Things can go wrong when policymakers do not ask the right questions, or worse still ask the wrong questions. Take my analysis of alternative debt reduction paths for the UK following the 2015 elections. There I assumed that the economic recovery would continue as planned, with gradually rising interest rates, achieving 4% growth in nominal GDP each year. I set out a slow, medium and fast path for getting the debt to GDP ratio down, and George Osborne’s plan. On the latter I wrote: “I cannot see any logic to such rapid deficit and debt reduction, so it seems to be a political ruse to either label more reasonable adjustment paths as somehow spendthrift, or to continue to squeeze the welfare state.”
Ah, said some, that is all very well, but you are ignoring what might happen if we have another financial crisis. That will send debt back up again. The implication was that the Osborne plan might make sense if you allowed for this kind of occasional but severe shock. In a subsequent post I showed that this was not the case. However this also illustrates a clear example of asking the wrong question. Rather than setting policy today on the basis of something that might happen in 30+ years time, we should be worrying about much more immediate risks.
The question that should have been asked is what happens if we have a rather more modest negative economic shock in the next five years. The list of possibilities is endless: deflation in the Eurozone, the crisis in Iraq and Syria gets worse, Ukraine blows up, things go wrong in China etc. We can hope that they do not happen, but good macroeconomic policy needs to allow for the fact that they might.
That is the question that was not asked in 2010. The forecast attached to the June 2010 budget didn’t look too bad. GDP growth was between 2% and 3% each year from 2011 to 2015 - not great given the depth of the recession, but nothing too awful. But suppose something unexpected and bad happened, and economic growth faltered. The question that should have been asked is what do we do then. The normal answer would be that monetary policy would come to the rescue, but monetary policy was severely compromised because interest rates were at 0.5%. So 2010 was a gamble - there was no insurance policy if things went wrong. And of course that is exactly what came to pass.

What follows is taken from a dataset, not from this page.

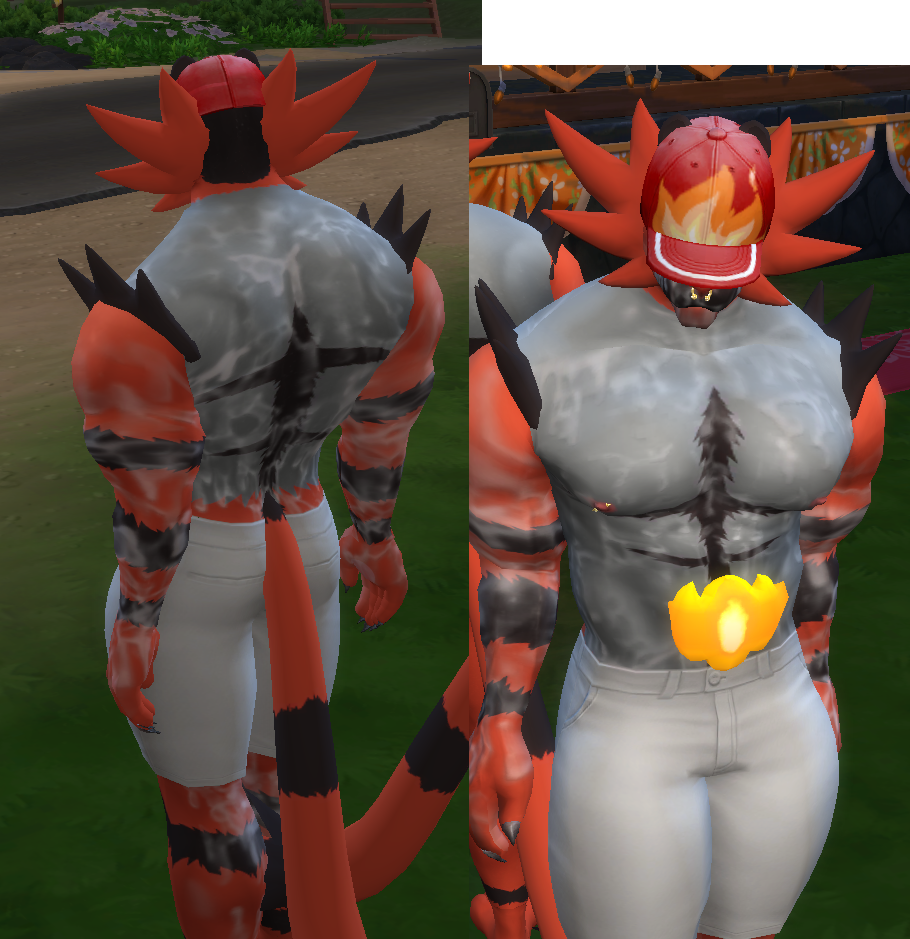000.png.4450217f7351df782427831cf1d2f6fd.png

As I have always said, there was an excuse for this mistake. In 2010 there was another risk that appeared to many to be equally serious, and that was that the bond vigilantes would move on from the Eurozone periphery to the UK. This was a misreading of events, but an understandable confusion. By 2011, as interest rates on government debt outside the Eurozone continued to fall, it was clear it was a mistake. Policy should have changed at that point, but it did not - instead we had to wait another year, and then we just got a pause in deficit reduction rather than stimulus.

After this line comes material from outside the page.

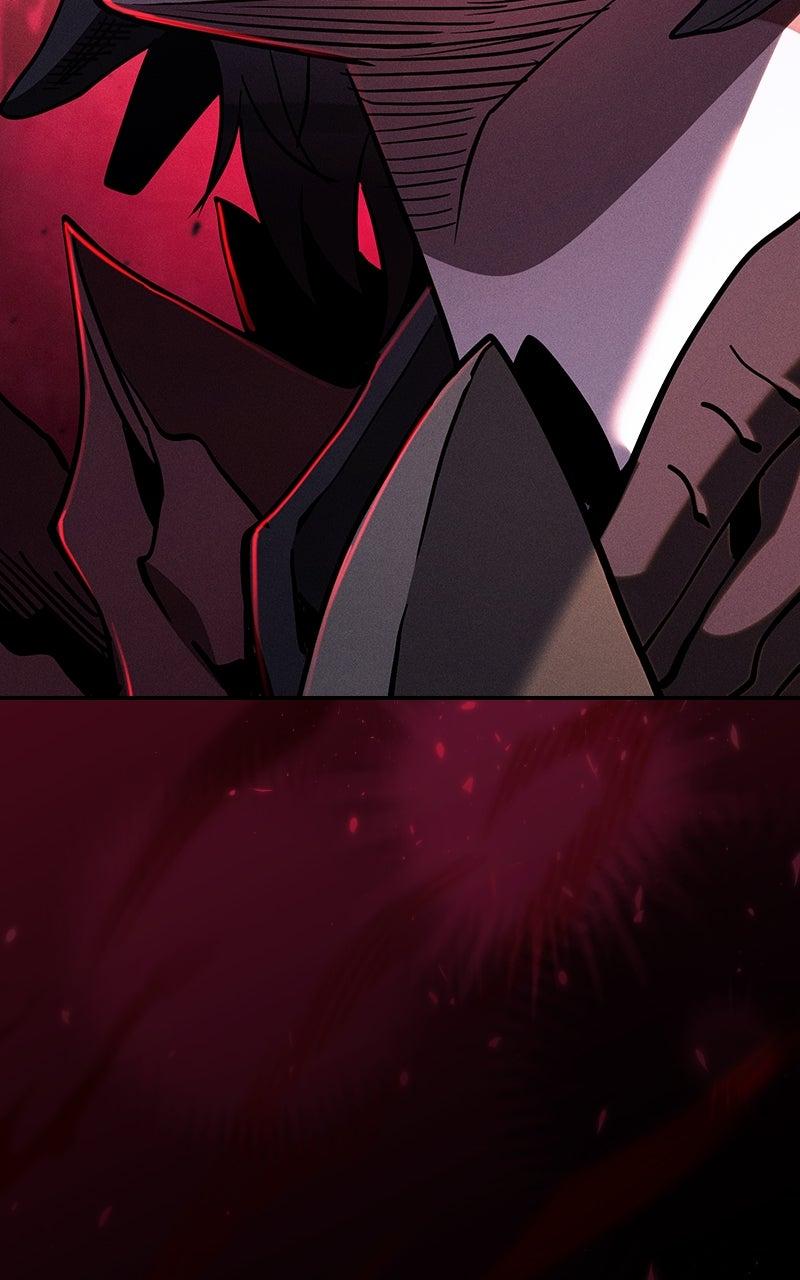 The Academy's Genius Swordsman Chapter 110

Today, there is no excuse. There are no bond vigilantes anywhere to be seen. No one, just no one, thinks the UK government will default. This means we are free to choose how quickly we stabilise government debt. However what is very similar to 2010 is monetary conditions. Interest rates may have begun to rise by 2015, but any increase is expected to be slow and modest. So there will again be little scope in the first few years for monetary policy to come to the rescue if things go wrong. A negative demand shock, like another Eurozone recession, will quickly send interest rates to their zero lower bound again, and we will have little defense against this deflationary shock. The tighter is fiscal policy after 2015, the greater the chance that will happen. In that sense, it is just like 2010.
So the right question to ask potential UK fiscal policymakers in 2015 is how will you avoid 2010 happening again? If their answer is to do exactly as we did in 2010 and keep our fingers crossed, you can draw your own conclusions.